Ясно, что в сентябре я не смогу воспользоваться этой путёвкой, и тогда я пошёл к не менее знаменитому в ленинградском альпинистском мире Кершу С. М., который занимался тем же, чем Буданов П. П., но в ДСО «Труд». Все ленинградские альпинисты знали, а в тот момент и я сумел убедиться, что Семён Михайлович был добрейшей души человек и всегда и всем готов был помочь.

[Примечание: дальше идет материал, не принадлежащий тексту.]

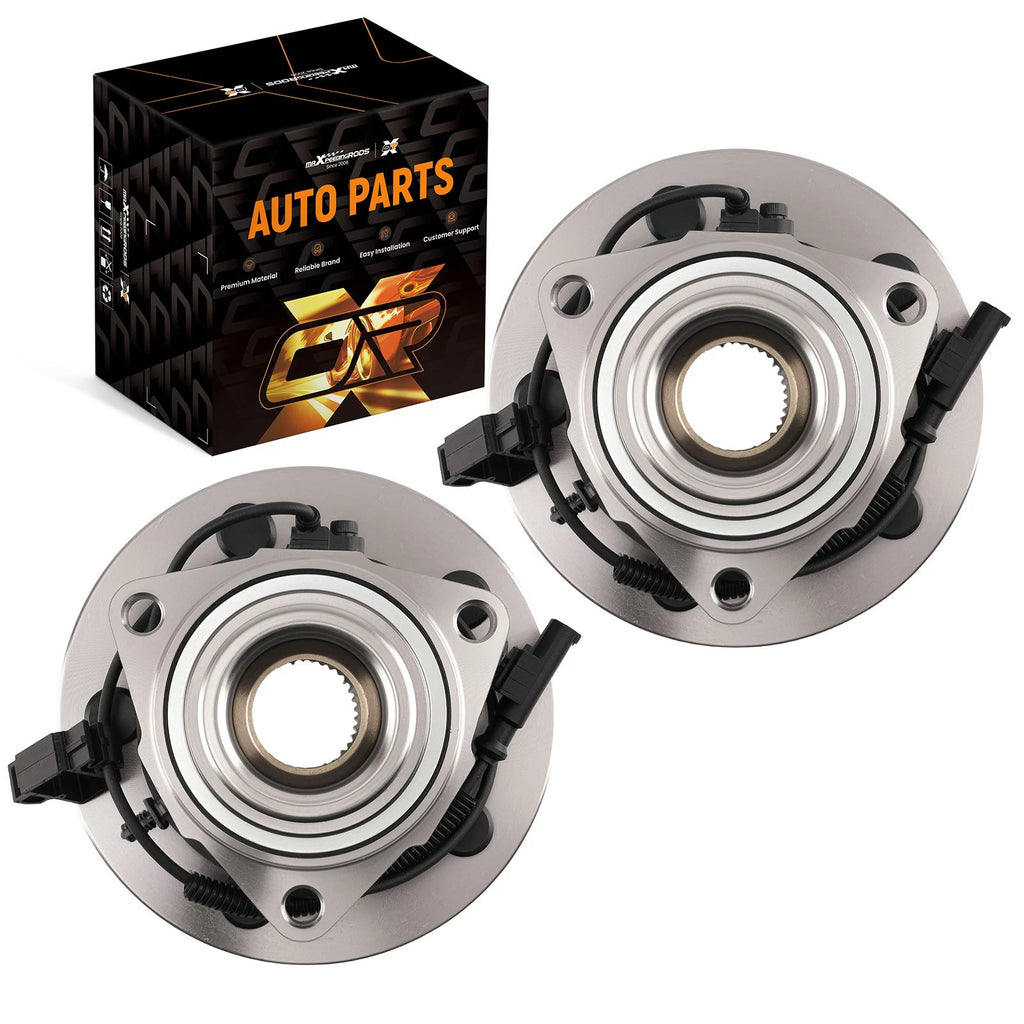 Set of 2 Front Wheel Hub Bearings for Dodge Dakota (2005–2011) ABS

Я попросил его обменять мою «спартаковскую» путёвку 5-й смены на путёвку 3-й смены в любом лагере Кавказа, чтобы я смог успеть добраться туда после 2-й смены в лагере «Алибек». Добрая душа Керш нашёл для меня такую путёвку в альплагерь «Торпедо», который находился в Цейском районе Кавказа, т. е. после «Алибека» мне придётся перебираться с Западного Кавказа на его Восточное крыло. Вот таким непростым образом мне удалось за одно лето пробыть в горах две смены подряд.
Итак, я прибыл в а/л «Алибек», о котором так много уже слышал и знал, что это самый комфортабельный альп лагерь СССР. Посмотрите сами на него, каким он был в тот 1961 год, и я уверен, что он понравится и вам:
https://tinyurl.com/2p8b5bte.
За смену в Алибеке я сделал четыре восхождения (1Б, две 2А и 2Б к. тр.), а затем переехал в а/л «Торпедо». Там я сделал ещё четыре вершины (две 2А, 2Б и 3А), чем не только выполнил 3-й спортивный разряд, догнав своих товарищей по институту, но дополнительно сделал ещё задел для 2-го разряда – совсем неплохо для значкиста, коим я был до начала сезона. К этому времени у меня в активе было уже десять восхождений. Надо сказать, что я немного побаивался того, как меня примут в а/л «Торпедо», поскольку я должен был раскрыть секрет, что уже побывал в а/л «Алибек», но был приятно удивлён, что там никто этим не заинтересовался. Даже наоборот, я почувствовал некоторое уважение – ведь инструктора – люди сами спортивные и хорошо относятся к тем, кто вкладывает сил и времени больше, чем это обычно требуется. А до профсоюзных проблем никому в лагере дела нет, для инструктора куда важнее подготовка участника, а я, конечно, был лучшим в группе из пяти человек, т. к. был уже прекрасно акклиматизирован после первого лагеря.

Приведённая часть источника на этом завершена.